Re: [RFC] Netlink and user-space buffer pointers

From: Mike Christie
Date: Thu Apr 20 2006 - 16:40:34 EST


Mike Christie wrote:
> James Smart wrote:
>> Note: We've transitioned off topic. If what this means is "there isn't a
>> good
>> way except by ioctls (which still isn't easily portable) or system calls",
>> then that's ok. Then at least we know the limits and can look at other
>> implementation alternatives.
>>
>> Mike Christie wrote:
>>> James Smart wrote:
>>>> Mike Christie wrote:
>>>>> For the tasks you want to do for the fc class is performance critical?
>>>> No, it should not be.
>>>>
>>>>> If not, you could do what the iscsi class (for the netdev people
>>>>> this is
>>>>> drivers/scsi/scsi_transport_iscsi.c) does and just suffer a couple
>>>>> copies. For iscsi we do this in userspace to send down a login pdu:
>>>>>
>>>>> /*
>>>>> * xmitbuf is a buffer that is large enough for the iscsi_event,
>>>>> * iscsi pdu (hdr_size) and iscsi pdu data (data_size)
>>>>> */
>>>> Well, the real difference is that the payload of the "message" is
>>>> actually
>>>> the payload of the SCSI command or ELS/CT Request. Thus, the payload may
>>> I am not sure I follow. For iscsi, everything after the iscsi_event
>>> struct can be the iscsi request that is to be transmitted. The payload
>>> will not normally be Mbytes but it is not a couple if bytes.
>> True... For a large read/write - it will eventually total what the i/o
>> request size was, and you did have to push it through the socekt.
>> What this discussion really comes down to is the difference between
>> initiator
>> offload and what a target does.
>>
>> The initiator offloads the "full" i/o from the users - e.g. send command,
>> get response. In the initiator case, the user isn't aware of each and
>> every IU that makes up the i/o. As it's on an i/o basis, the LLDD doing
>> the offload needs the full buffer sitting and ready. DMA is preferred so
>> the buffer doesn't have to be consuming socket/kernel/driver buffers while
>> it's pending - plus speed.
>>
>> In the target case, the target controls each IU and it's size, thus it
>> only has to have access to as much buffer space as it wants to push the
>> next
>> IU. The i/o can be "paced" by the target.
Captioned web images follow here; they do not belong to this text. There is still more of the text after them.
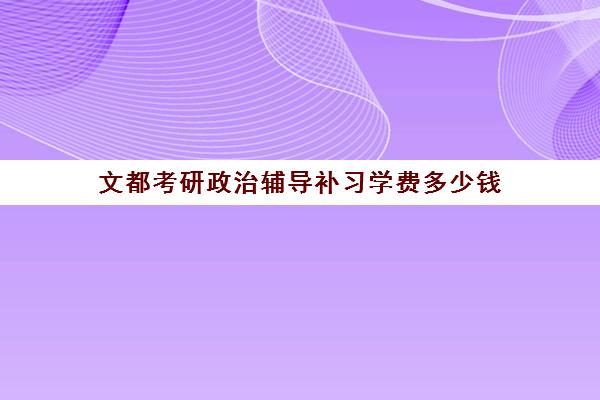 文都考研政治辅导补习学费多少钱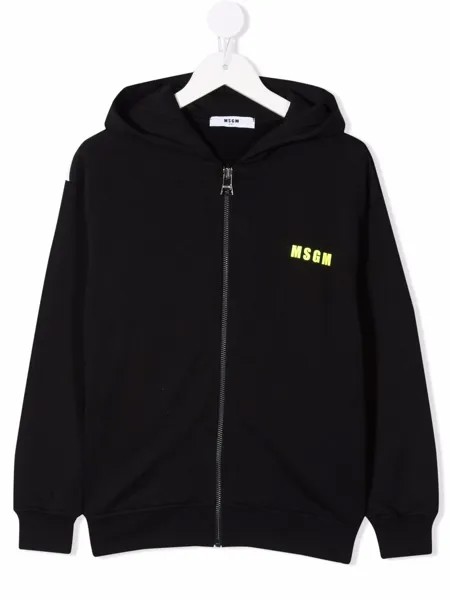 MSGM Kids худи на молнии с логотипом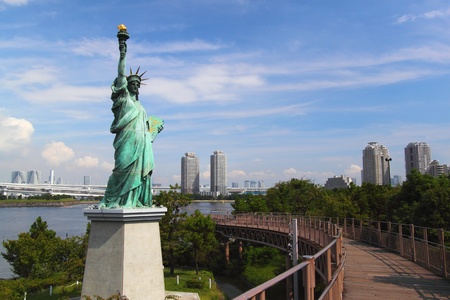Replica of Liberty Statue, Odaiba, Tokyo, Japanのeditorial素材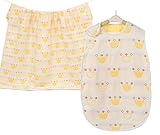 【Lilie】 6重 ガーゼ ベビー スリーパー ブランケット セット 通年 コットン 可愛い かいまき 布団 ( 新生児 ～ ４歳 頃まで ) (王冠(イエロー))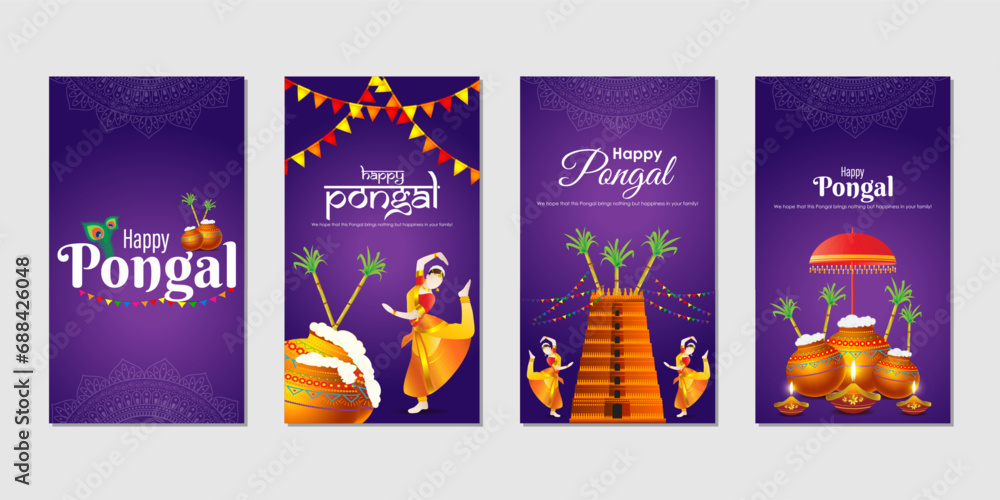 Vector illustration of Happy Pongal social media feed set template - obrazy, fototapety, plakaty 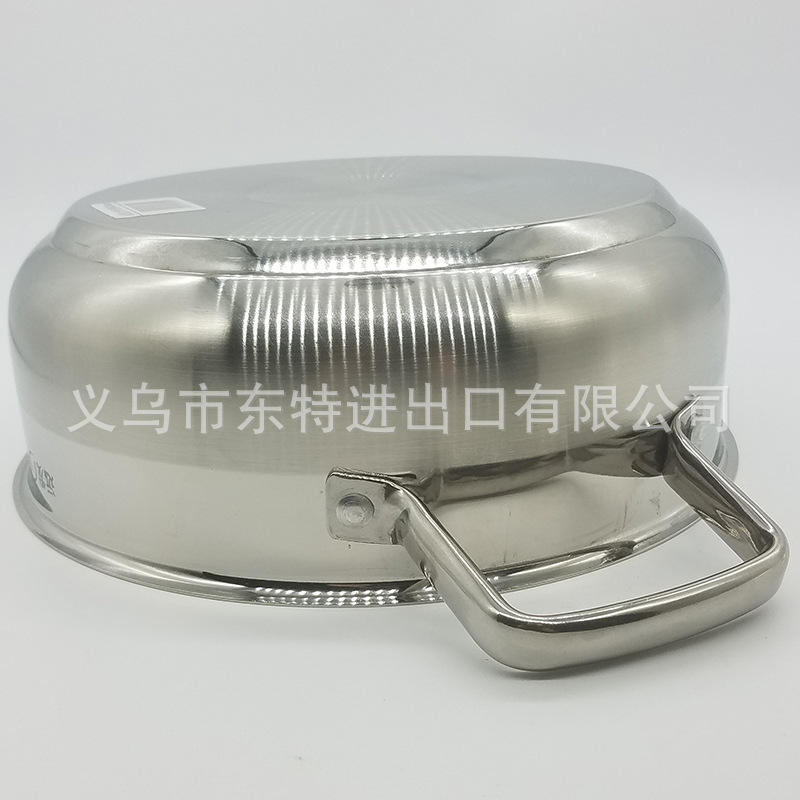 厂家直销不锈钢双耳汤锅高档家用火锅玻璃盖多用途汤锅礼品锅详情图6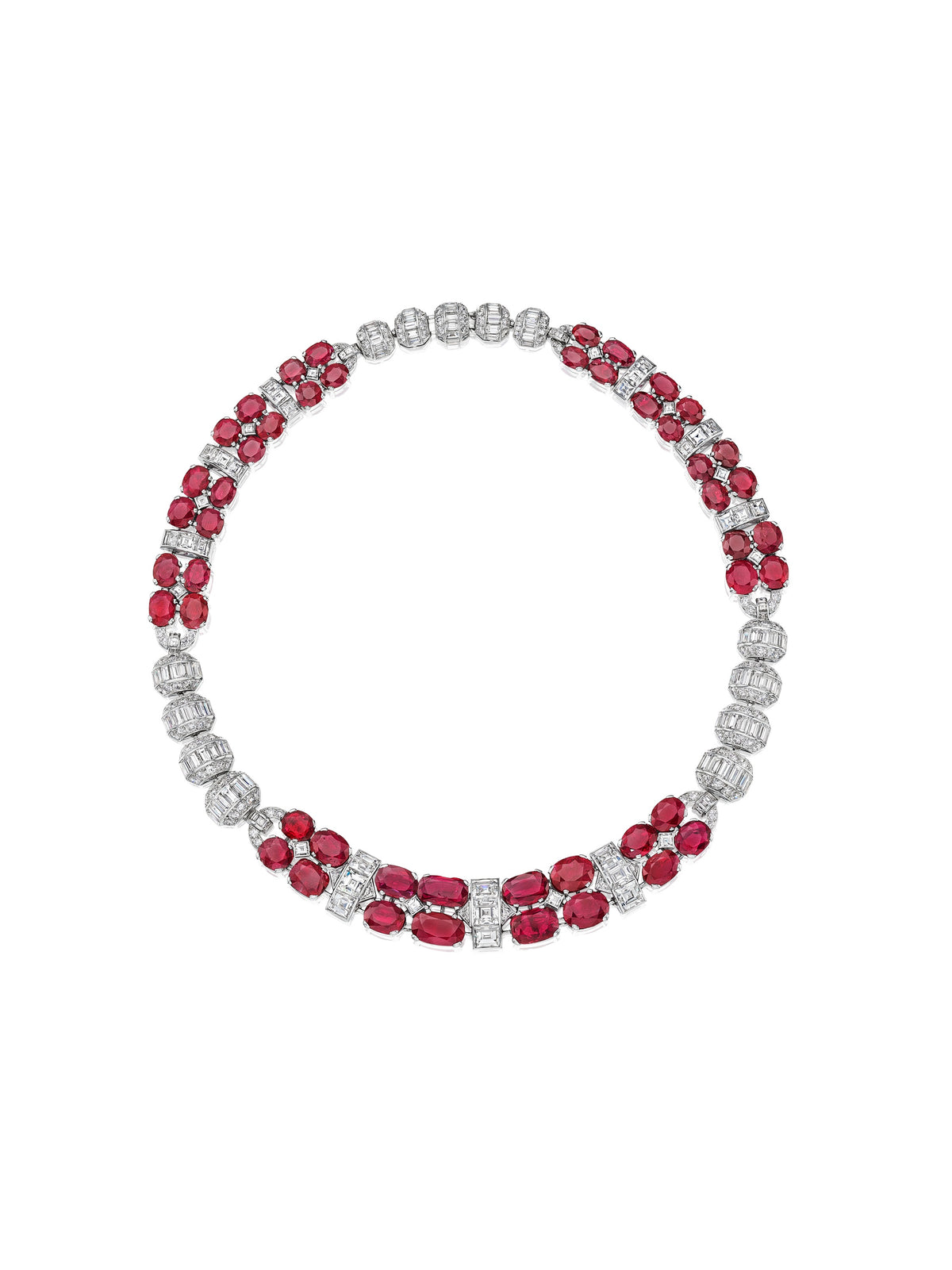 Art Deco Ruby and Diamond Necklace by Marchak, Paris, circa 1935 — additional professional view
Unfortunately, this is an
>> entirely
>> different use model than users of a scsi initiator expect, and it won't map
>> well into replacing things like our sg_io ioctls.
>
>
> I am not talking about the target here. For the open-iscsi initiator
> that is in mainline that I referecnced in the example we send pdus from
> userpsace to the LLD. In the future, initaitors that offload some iscsi
> processing and will login from userspace or have userspace monitor the
> transport by doing iscsi pings, we need to be able to send these pdus.
> And the iscsi pdu cannot be broken up at the iscsi level (they can at
> the interconect level though). From the iscsi host level they have to go
> out like a scsi command would in that the LLD cannot decide to send out
> mutiple pdus for he pdu that userspace sends down.
>
> I do agree with you that targets can break down a scsi command into
> multiple transport level packets as it sees fit.
>

Oh yeah is

FC IU == iscsi tcp packet
or
FC IU == iscsi pdu
?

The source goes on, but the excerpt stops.